Transtech leaders recently introduced the TSP-4 6U-VME PowerPC system which has two or four 200 MHz PowerPC-603EVs and a PCI bus embedded directly on the board. Sustained transfer rates of 130 megabytes per second are possible between the PowerPC nodes, Stevens says, and "the company is also looking at ways to have the devices talk to SHARC as well." A PMC slot provides inter-board communications or application-specific I/O from third-party PMC module vendors.

Around the boards

While "nice-to-have" architecture/feature/ cost parameters are fine, the true test of a DSP`s popularity is its implementation. All things considered, "we`re looking for the highest-performance devices on the market, both RISC and DSP," says Ariel`s Curtin. For DSPs, Ariel uses both the TI C40/44 and the SHARC. "The C4x has always offered a path to faster devices as well as a good method for multiprocessing," Curtin says. "In addition, it`s a well-established product with a good base of development tools and software."

On the other hand, Curtin says he sees the SHARC making substantial inroads, particularly in FFT and spectral-analysis applications, which encompass a large part of military and aerospace electronics demand. He also says he likes the reprogrammability features of the SHARC. "Designers can assign devices as needed to either FFTs or other functions such as averaging, windowing, etc.," Curtin says. "This makes board design a lot easier."

Ariel`s latest SHARC offering is the 6-processor Hammerhead V200 6U VME board with a peak performance of 720 megaflops and as many as three megabytes of zero-wait-state SRAM and flash memory. In addition to 12 front-panel 40-megabyte-per-second link I/O ports, the board has two OpenIO baseboard access sites suitable for COTS radar and sonar I/O modules. Ariel engineers are also working on a variety of other OpenIO data acquisition modules, such as a 12-bit, 50-MHz A-D converter, 14-bit 2-MHz A-D converter, and 16-bit sigma-delta converter for A-D and D-A conversion.

Graeme Harfman, product manager at Spectrum Signal Processing of Burnaby, British Columbia, says he also likes the C40 and SHARC, but points out that "the development environment for the C40 is more mature than the SHARC`s, and it remains particularly attractive for users whose megaflop requirements are not as high."

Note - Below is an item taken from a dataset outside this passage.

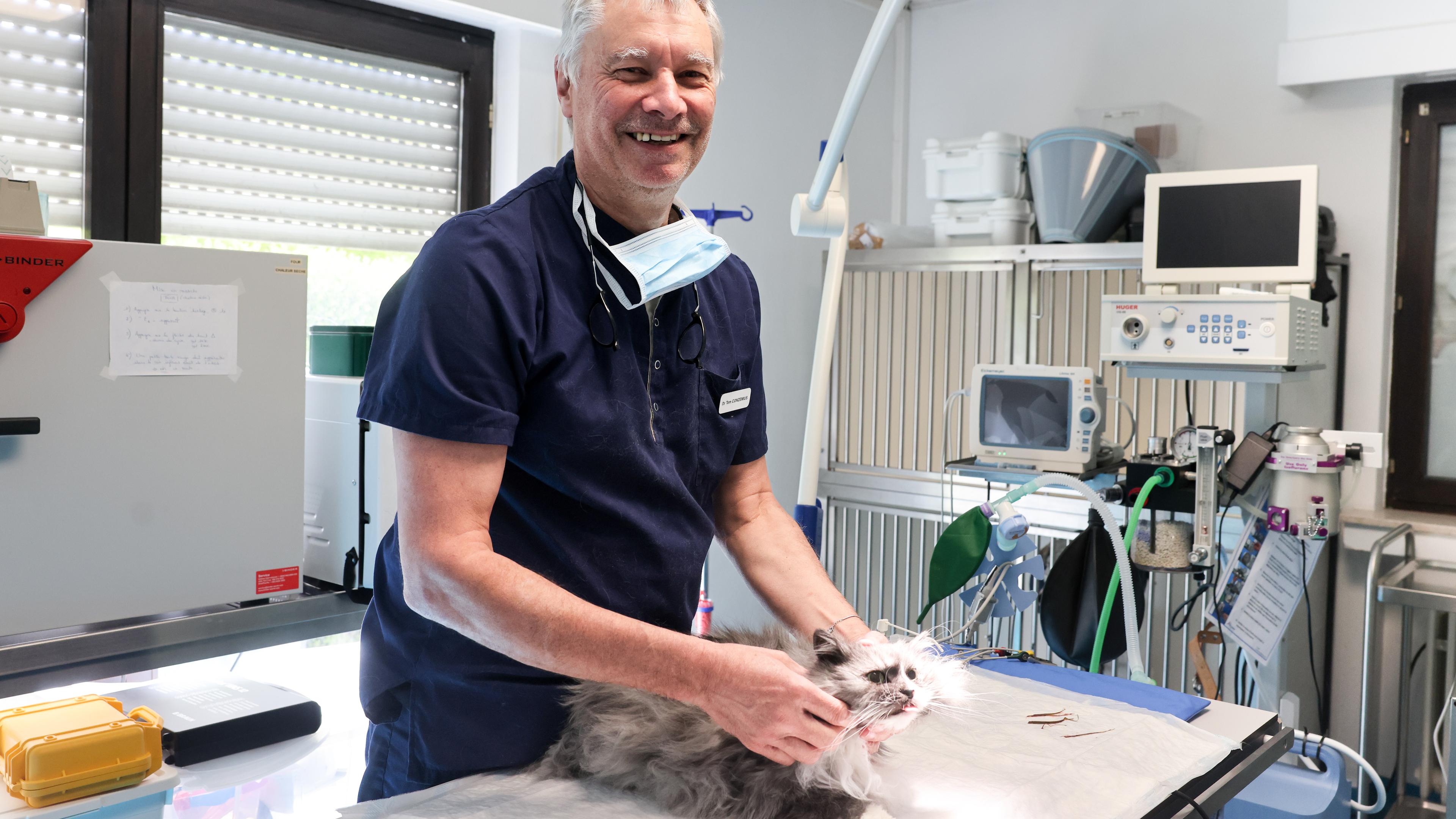 Depuis 1989, le Dr Tom Conzemius dirige la clinique vétérinaire d'urgence de Bereldange.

Together with Hewlett-Packard of Lake Stevens, Wash., Spectrum engineers have developed an octal-C40 VXI board with two embedded 60-MHz C40s and support for an additional six single-wide or four double-wide TIM-40 modules. The VX8 has from 4 to 64 megabytes of DRAM shared between the VXIbus and TIM-40 sites and eight buffered front-panel communication ports. The worldwide VXI market is expected to reach $860 million by 1999, and Harfman sees the military, particularly the Navy, showing interest in VXIbus because of its electromagnetic shielding characteristics.

Similar to other board vendors, Harfman says he views the SHARC as a natural migration path for I860 users, "particularly following Intel`s announcement that it would not be moving forward with array processing." Spectrum now has SHARC products in VME and PCI format including a product developed with Northrop Grumman Corp. of Los Angeles that implements eight 40 MHz SHARCs on a 6U VME64 board with an onboard PCI bridge and IEEE P1386 PMC site for I/O. The V8 product has 960 megaflops performance and VMEbus data transfer rates close to 80 megabytes per second. Different PMC modules support VSB, RACEway, and the VITA front-panel dataport (FPDP) standard.

Although existing C4x users often still prefer TI`s devices to the SHARC, I860 designers have, on the other hand, been flocking to the SHARC. "Although the I860 and I960 are still not bad price/performance devices and existing developers are not completely abandoning the chips, they`re not putting them into their new designs either. New designs are moving to SHARC," says Alacron`s Sgro.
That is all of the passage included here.